Des kilos de mômes traînent par ici, s'amusent, mais peuvent aussi
décider de demander un rond. Une paysanne berbère passe avec un
énorme ballot sur le dos. Un vieil homme, un gros bâton à la main,
le dos courbé sous son vêtement traditionnel, à capuche, dont le
nom m'échappe à l'instant de l'écrire, semble ébahit, il regarde
un peu tout et tout le monde comme s'il voulait s'en souvenir.
Djellabah, voilà, et les femmes berbères, le tissus rouge rayé
qu'elles portent sur leurs jupes, c'est la fouta.
Quatorzième jour
Les deux derniers jours ont été
rudes, je n'ai pu manger que le matin, très peu. Rien d'autre dans
la journée, j'étais trop mal. Ce matin j'avais le sentiment que ça
allait mieux, sans compter que l'hôtel où je suis est à la fois le
moins cher et le plus charmant de ceux que j'ai fréquenté au Maroc.
Mais mon petit déjeuner ce matin, pris devant la mosquée, place
Outa El Hamam (la place des pigeons) m'a provoqué une forte suée,
je trouve cela inquiétant.
Quatorzième jour
Allongé sur mon lit, tout à l'heure,
ma petite fenêtre grande ouverte sur la rue de la médina.
J'entendais avec plaisir la vie s'ébruiter. Les enfants et les
vieux, ça n'est pas la première fois que je le constate, et cela me
rappelle doucement l'Espagne, sont toujours en dialogue. De même,
les adolescents adorent prendre en charge les petits. J'ai suivi
comme j'ai pu la conversation de trois ou quatre adolescents.

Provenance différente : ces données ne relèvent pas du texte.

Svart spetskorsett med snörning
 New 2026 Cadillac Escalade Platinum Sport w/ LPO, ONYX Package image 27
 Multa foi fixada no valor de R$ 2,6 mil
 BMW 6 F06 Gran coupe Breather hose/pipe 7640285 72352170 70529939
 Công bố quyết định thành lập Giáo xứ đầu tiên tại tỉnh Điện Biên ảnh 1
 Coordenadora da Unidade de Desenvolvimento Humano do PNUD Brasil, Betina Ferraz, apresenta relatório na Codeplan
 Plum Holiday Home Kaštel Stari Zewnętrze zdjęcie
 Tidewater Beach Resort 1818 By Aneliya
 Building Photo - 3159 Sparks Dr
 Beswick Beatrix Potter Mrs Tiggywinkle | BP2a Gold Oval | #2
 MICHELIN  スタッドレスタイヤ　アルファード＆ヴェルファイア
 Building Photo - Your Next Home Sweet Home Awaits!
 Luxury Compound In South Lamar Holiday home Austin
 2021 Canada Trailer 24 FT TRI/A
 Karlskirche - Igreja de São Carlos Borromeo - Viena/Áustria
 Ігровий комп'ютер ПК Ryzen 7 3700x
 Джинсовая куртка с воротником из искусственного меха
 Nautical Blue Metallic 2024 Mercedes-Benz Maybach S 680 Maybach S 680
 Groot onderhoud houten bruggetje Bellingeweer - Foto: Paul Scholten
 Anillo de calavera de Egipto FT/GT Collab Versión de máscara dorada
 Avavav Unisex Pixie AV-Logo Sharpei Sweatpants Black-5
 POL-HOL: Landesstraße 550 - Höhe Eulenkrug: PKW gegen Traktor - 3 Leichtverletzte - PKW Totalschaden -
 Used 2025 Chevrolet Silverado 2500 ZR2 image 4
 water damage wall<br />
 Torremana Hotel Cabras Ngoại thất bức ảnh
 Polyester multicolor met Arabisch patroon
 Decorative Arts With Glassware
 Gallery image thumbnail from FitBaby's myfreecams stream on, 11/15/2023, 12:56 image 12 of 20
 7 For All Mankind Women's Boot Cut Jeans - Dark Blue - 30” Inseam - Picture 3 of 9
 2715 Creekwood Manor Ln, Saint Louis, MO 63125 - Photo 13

L'un
d'eux manifestement imitait le ton docte d'un professeur ou, que
sais-je, d'un imam, et cela provoquait des fou-rire magnifiques parmi
ses camarades.
Les Marocains n'espèrent qu'une chose
de moi, que je lâche ma thune. Mais j'aime les Marocains.
Retour sur la place des pigeons. Une
anecdote, qui ne peut pas surprendre grand' monde. C'est l'heure de
la prière puisque le Muezzin vient de chanter. J'ai bien vu quelques
hommes, à l'instant, se précipiter à la mosquée, se déchausser
en hâte, et je sais que nombre de musulmans prient chez eux ou sur
leur lieu de travail, mais tout de même, je suis obligé de
constater que l'activité, devant mes yeux, ne change pas. Et c'était
le cas partout où je suis passé. Par contre, à Tanger, il y a eu
un match du Barça. À l'heure où normalement les rues autour du
boulevard Pasteur grouillent de monde, pendant deux heures, c'était
le désert. La ville ne respirait plus que dans les salles bondées
des salons de thé, et c'était d'ailleurs un spectacle, tous ces
visages mâles tendus vers une petite lueur au-dessus de la vitrine.